Problem: Reproduce the lines below verbatim. Pictures are to be omitted.

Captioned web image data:
==================================================
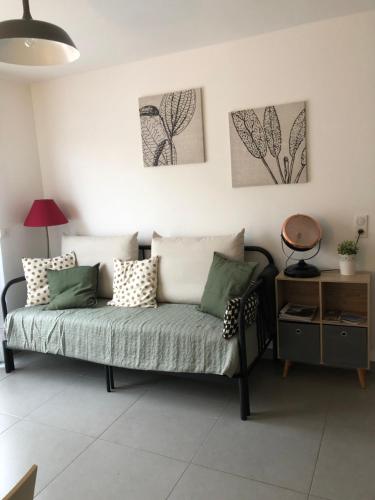 普罗普里亚诺T2 récent climatisé à 100m du port的客厅的沙发,墙上有两幅画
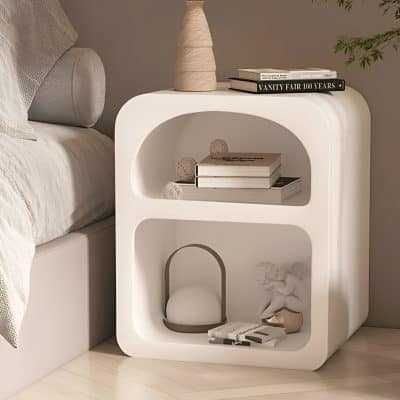 Versatile and elegant white nightstand featuring rounded edges and open shelving, perfect for bedroom decor, displaying books and ornaments for a contemporary look.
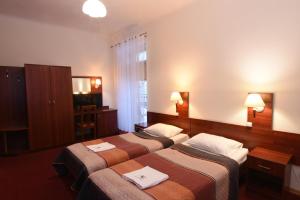 a hotel room with two beds with towels on them at Pegaz in Karpacz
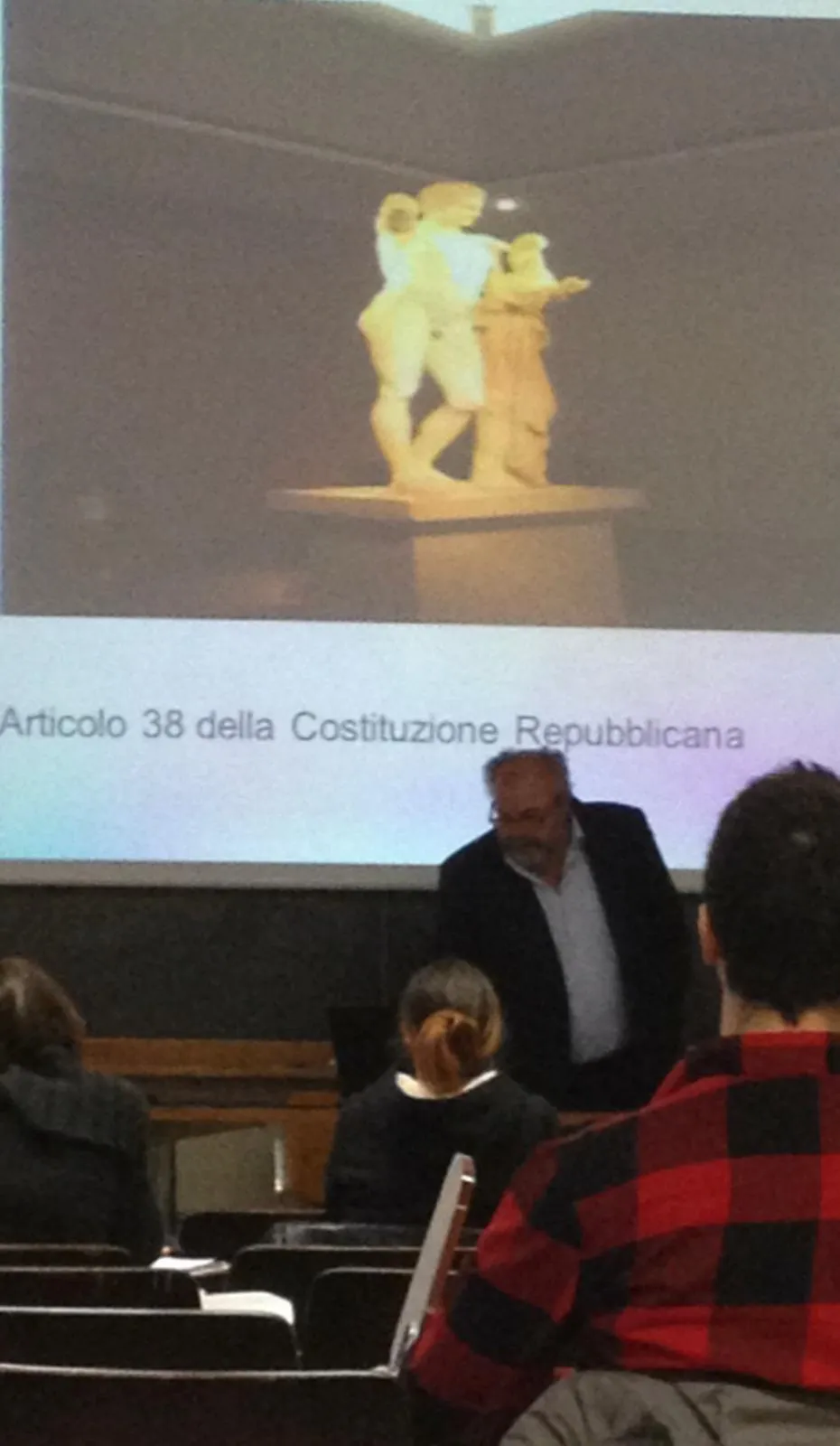 Un relatore davanti alla proiezione di una statua classica con la didascalia «Articolo 38 della Costituzione Repubblicana».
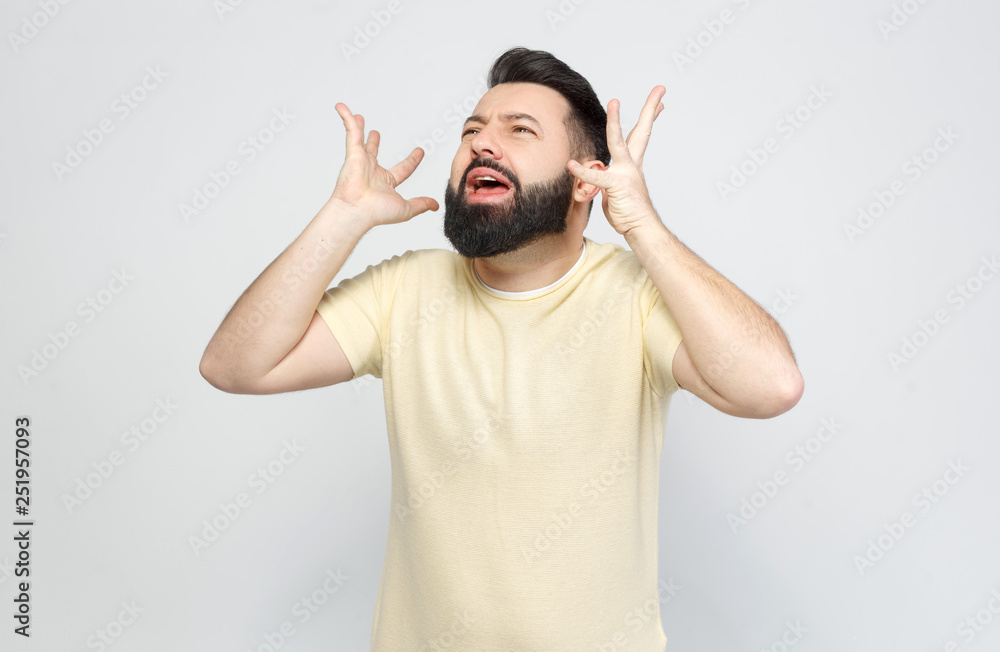 The pretty bearded man shows emotionally The pretty bearded man shows emotionally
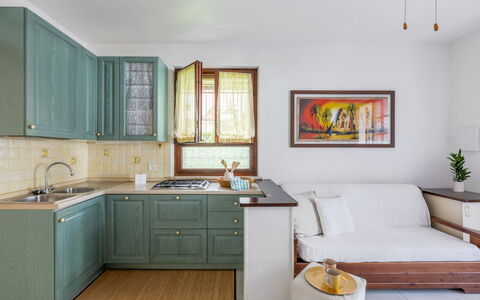 Veranda sul Conero: Mobilia, Interior Design, Cabinetry, Pavimentazione, Legna, Cucina, Controsoffitto, Pavimento, Elettrodomestico Da Cucina, Camera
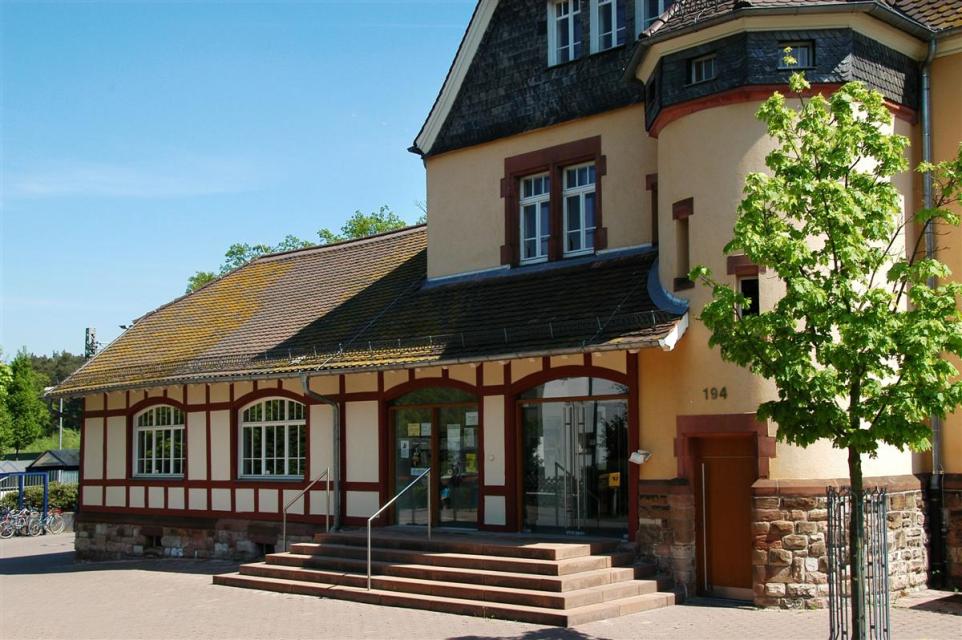 Der Bahnhof in Erzhausen besitzt denkmalgeschütztes Empfangsgebäude. Es wurde aus dem Bahnbesitz ausgegliedert und beherbergt heute die Gemeindebücherei.
                 title=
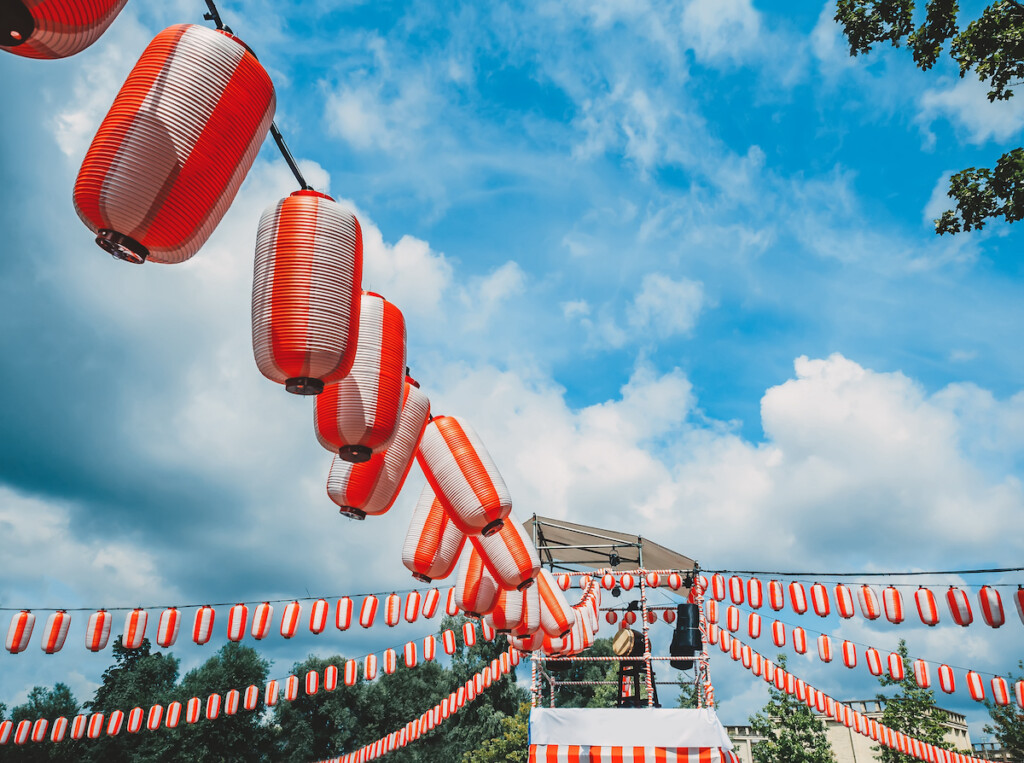 The Stage Of The Yagura With A Big Japanese Taiko Drum Odaiko. Paper Red White Lanterns Chochin Scenery For The Holiday Obon When People Dance Of Bon Odori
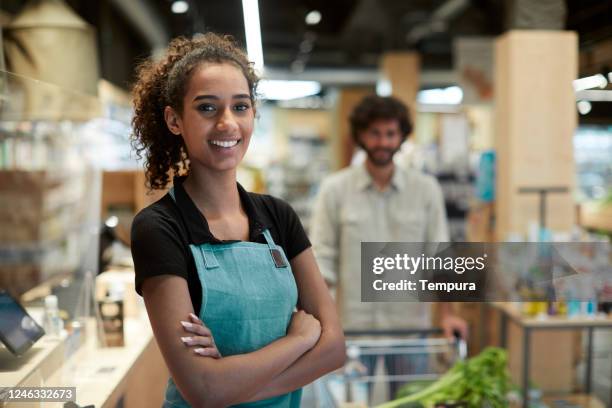 one young female cashier portrait looking at camera - supermarket queue stock pictures, royalty-free photos & images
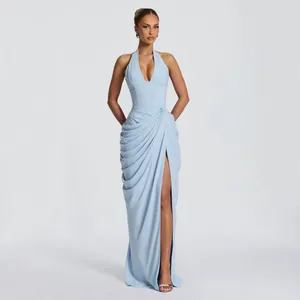 Elegant light blue halter V-neck evening gown with pleated bodice and side slit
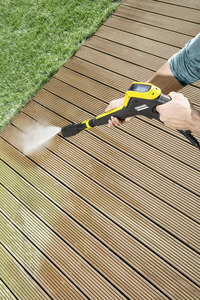 Person using a Kärcher high-pressure cleaner to wash a wooden deck next to a grassy area.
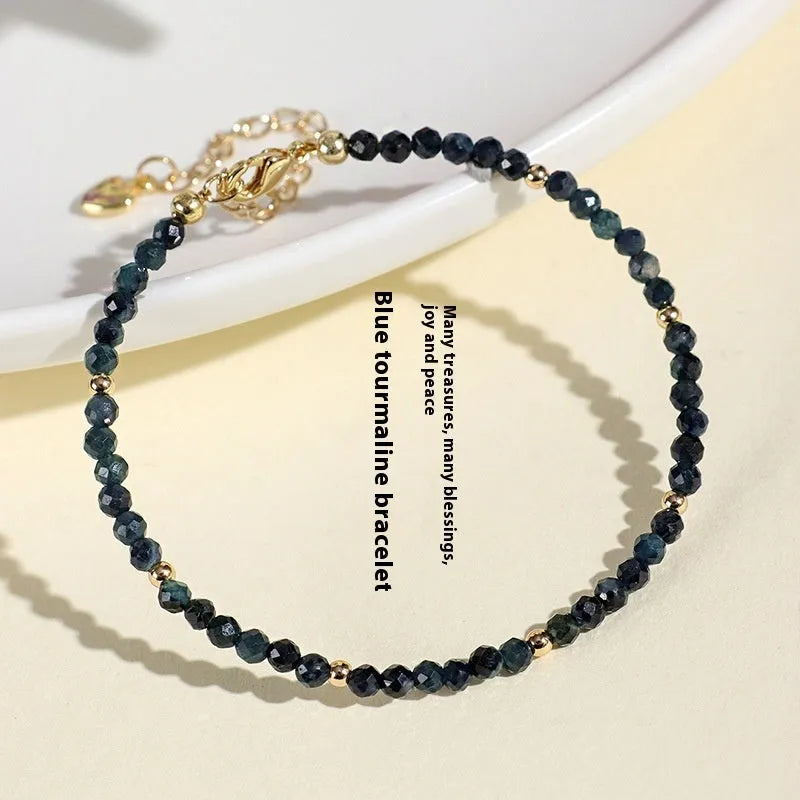 Blue tourmaline gemstone bracelet with 3mm beads and gold spacer details.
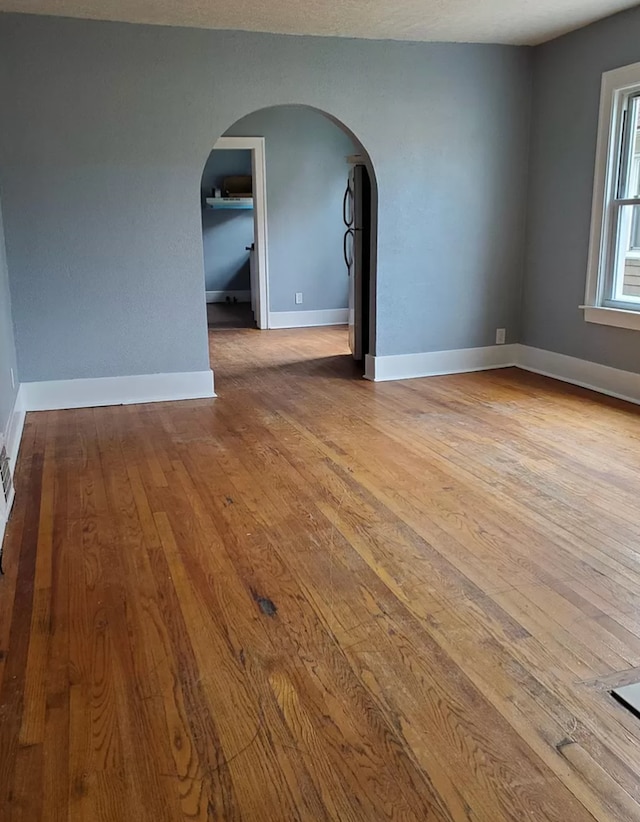 spare room with light wood-type flooring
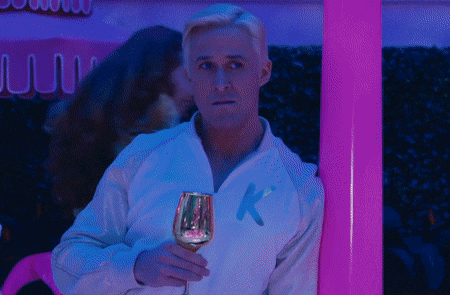 a man holding a glass of wine with the letter k on his jacket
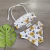 Bikini Flor Amarilla Niña Kids - comprar online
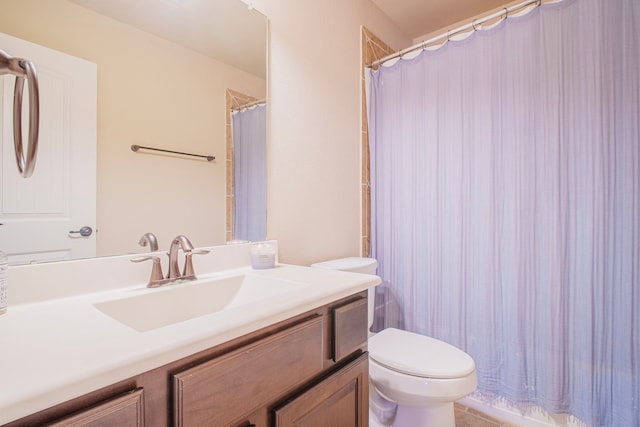 bathroom with curtained shower, vanity, and toilet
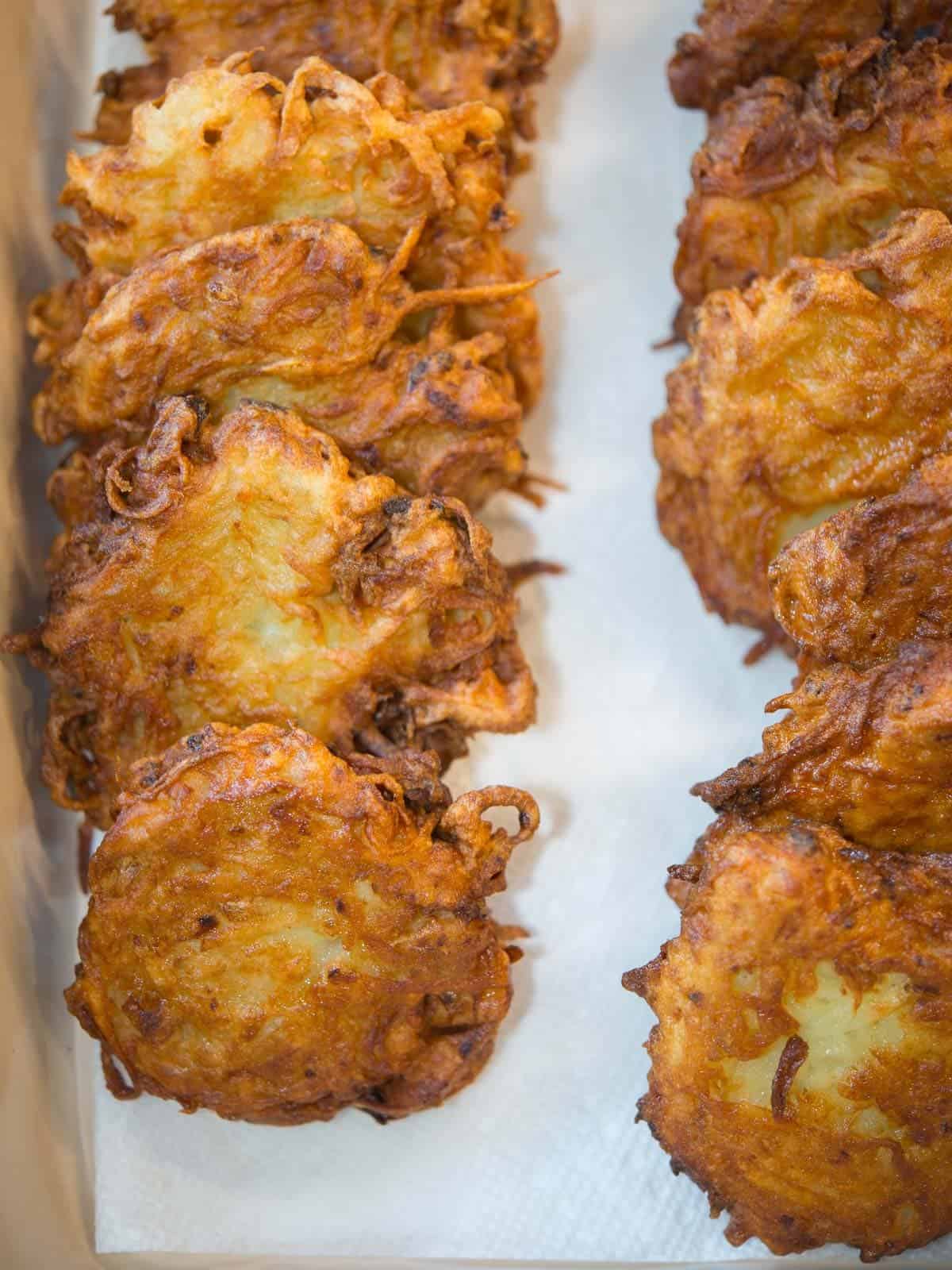 latkes draining on a paper towel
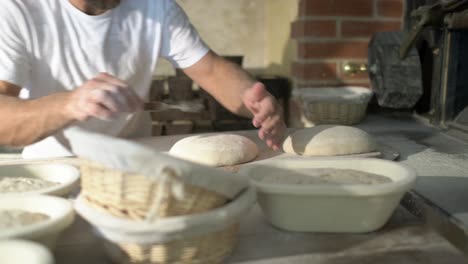 side shot, a baker flouring, cuting and puting bread loaf in a traditional stone oven, using baker’s peel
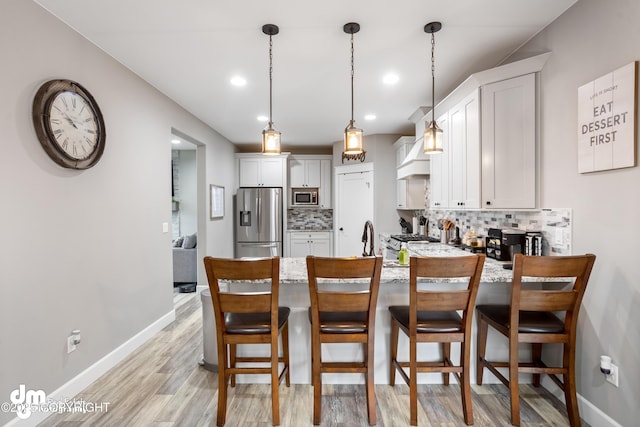 kitchen featuring baseboards, decorative backsplash, a peninsula, and stainless steel appliances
==================================================
Response to the task:
 普罗普里亚诺T2 récent climatisé à 100m du port的客厅的沙发,墙上有两幅画
 Versatile and elegant white nightstand featuring rounded edges and open shelving, perfect for bedroom decor, displaying books and ornaments for a contemporary look.
 a hotel room with two beds with towels on them at Pegaz in Karpacz
 Un relatore davanti alla proiezione di una statua classica con la didascalia «Articolo 38 della Costituzione Repubblicana».
 The pretty bearded man shows emotionally The pretty bearded man shows emotionally
 Veranda sul Conero: Mobilia, Interior Design, Cabinetry, Pavimentazione, Legna, Cucina, Controsoffitto, Pavimento, Elettrodomestico Da Cucina, Camera
 Der Bahnhof in Erzhausen besitzt denkmalgeschütztes Empfangsgebäude. Es wurde aus dem Bahnbesitz ausgegliedert und beherbergt heute die Gemeindebücherei.
                 title=
 The Stage Of The Yagura With A Big Japanese Taiko Drum Odaiko. Paper Red White Lanterns Chochin Scenery For The Holiday Obon When People Dance Of Bon Odori
 one young female cashier portrait looking at camera - supermarket queue stock pictures, royalty-free photos & images
 Elegant light blue halter V-neck evening gown with pleated bodice and side slit
 Person using a Kärcher high-pressure cleaner to wash a wooden deck next to a grassy area.
 Blue tourmaline gemstone bracelet with 3mm beads and gold spacer details.
 spare room with light wood-type flooring
 a man holding a glass of wine with the letter k on his jacket
 Bikini Flor Amarilla Niña Kids - comprar online
 bathroom with curtained shower, vanity, and toilet
 latkes draining on a paper towel
 side shot, a baker flouring, cuting and puting bread loaf in a traditional stone oven, using baker’s peel
 kitchen featuring baseboards, decorative backsplash, a peninsula, and stainless steel appliances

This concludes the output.